The New York Times likened the book to "an interminable adolescent bull session."

Development
Film rights were bought by the Drexel Film Corporation in April 1959, and Drexel arranged to make the film through Columbia. Dick Clark, host of American Bandstand, signed to play the lead.

Jerry Bresler, who had a multi-picture deal with Columbia, was assigned to produce and he hired James Gunn to write a script. Paul Wendkos signed to direct in June.

"Most pictures about teenagers are wrong," said Clark, "They are older people's concepts of how teenagers act... I doubt if there ever can be a truly honest portrayal in films.  Not all girls are beautiful and all boys handsome, as they are in films... [But] the script is fairly true to life. Most teenagers are normal."

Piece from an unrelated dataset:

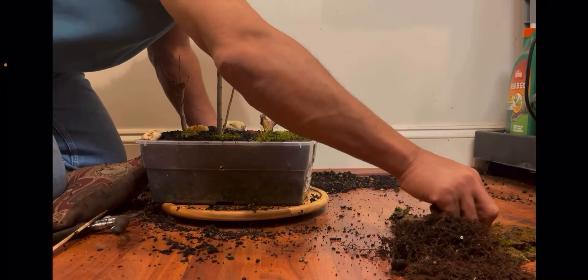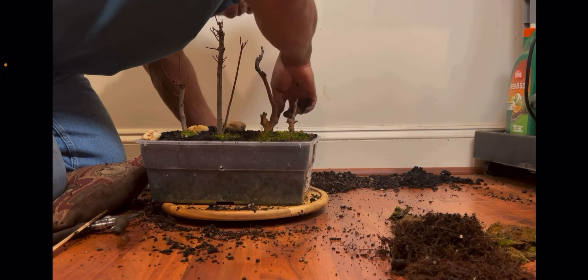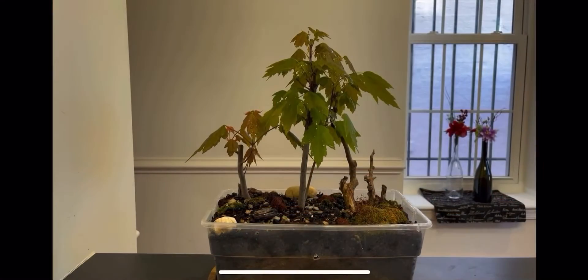This is from March 11th when I was putting this display together that I'm about to update you on — this is when I first put it together. Here's the display now. It's started to come out into leaf.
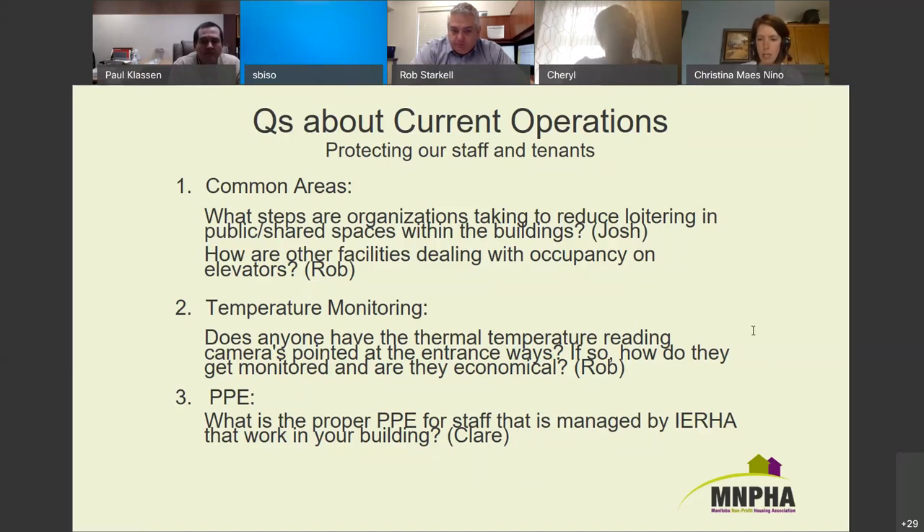Next week we have a call with someone from the Winnipeg Regional Health Authority who will talk more about PPE for us.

The cast included several young actors under contract to Columbia, including Michael Callan. Warren Berlinger, who played Buddy McCalla, had just recently appeared in Blue Denim.

Shooting
Filming started on August 12, 1959. The campus and classroom scenes were shot at Hoover High School in Glendale, California.

Clark later wrote in his memoirs that making the film was "an extraordinary experience. Columbia really laid it on; they rented a house in Bel-Air owned by Mercedes McCambridge, provided a maid, a butler and a chauffeur, and gave me a hundred dollars a day in expenses."

Reception
The Los Angeles Times called the film "an agreeable surprise."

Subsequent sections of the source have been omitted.